それは、前途の娘のパターンと同じように「やりたいならやればいい」ということですけどね。
誰かが勝手にマネして使うのは全然OKなので、まぁやりたいならやってもいいんですけど。
でも、わたしから誰かに引き継ぐものではない、と。
はっきり分かりました。

2016年、こんなことも書いてました。「奪う」より「与えたい」そして「景色」になりたい。
あ、わたし、景色になりたいんだったな。
景色ということは、ずっとそこにあることなのかな?それでも、やはり、どちらかというと自然に帰るというか、みちくさアートラボは終わって欲しい。

■2020年ありがとうでいっぱい

物理的にアトリエを続けられなくなったとき、そのときはみちくさアートラボ、およびわたしのハンドメイドの活動が終わるときです。
でもそれはネガティブなことではありません。
だから、もしもそのときは、ライトに見守っていただけたらな、と思います。
あ、ただそんなことを書くと、「やめてしまうのではないか?」「経済的にほんとうに難しい状況なのか?」と心配されてしまいそうですが、そんなことはありません。
また、気持ち的に、やめたいな…と落ち込んでいることもありません。
(むしろ、苦しかったのは2018年だったらか、今ではないんです)

どちらかというと、2018年から続くモヤモヤが晴れて、いまはとても心がすっきりした気分です。

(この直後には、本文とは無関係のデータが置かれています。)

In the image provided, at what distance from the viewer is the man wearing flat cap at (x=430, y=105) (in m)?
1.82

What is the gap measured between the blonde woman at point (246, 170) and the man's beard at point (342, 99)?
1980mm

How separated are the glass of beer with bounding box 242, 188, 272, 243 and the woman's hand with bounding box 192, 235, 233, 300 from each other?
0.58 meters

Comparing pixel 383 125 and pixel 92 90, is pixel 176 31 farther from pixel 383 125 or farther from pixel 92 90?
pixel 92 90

わたしの最新のオンラインワークショップ「紙だけデコパージュ講座」の研究の中で気づいたことのおかげです。
(この講座はすごくおすすめですが、何か革新的なことがあるわけでもないし、すごーーーく単純。そういったら、みちくさの講座はそうなんですけど。)

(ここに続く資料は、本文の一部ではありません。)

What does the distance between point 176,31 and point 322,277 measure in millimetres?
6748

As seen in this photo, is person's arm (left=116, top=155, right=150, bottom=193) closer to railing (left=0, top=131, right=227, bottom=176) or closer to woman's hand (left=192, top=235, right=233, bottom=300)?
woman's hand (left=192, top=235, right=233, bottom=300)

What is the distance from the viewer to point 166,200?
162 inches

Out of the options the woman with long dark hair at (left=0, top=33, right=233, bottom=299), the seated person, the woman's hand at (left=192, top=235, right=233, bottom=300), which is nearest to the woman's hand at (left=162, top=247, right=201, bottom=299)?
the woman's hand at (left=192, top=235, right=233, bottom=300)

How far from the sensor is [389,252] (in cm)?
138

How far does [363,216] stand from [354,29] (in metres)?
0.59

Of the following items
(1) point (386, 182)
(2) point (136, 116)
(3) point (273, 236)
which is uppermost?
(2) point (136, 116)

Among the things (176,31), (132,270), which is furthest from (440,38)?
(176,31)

いまのところ、みちくさアートラボがいつ終わるかは決めていません。
ともかく、続けられれば、続いていきます。
誰かが求めてくれたら、自然と続いていく。
でもそれは、ひとりふたりでは無理で、たくさんの人…たくさんの人がそう思ってくれたら、自ずとそうなるものです。
だから、これからも、たくさんの人にアトリエWSとオンラインWSをお届けしていきます。

続くといいね、みちくさアートラボ。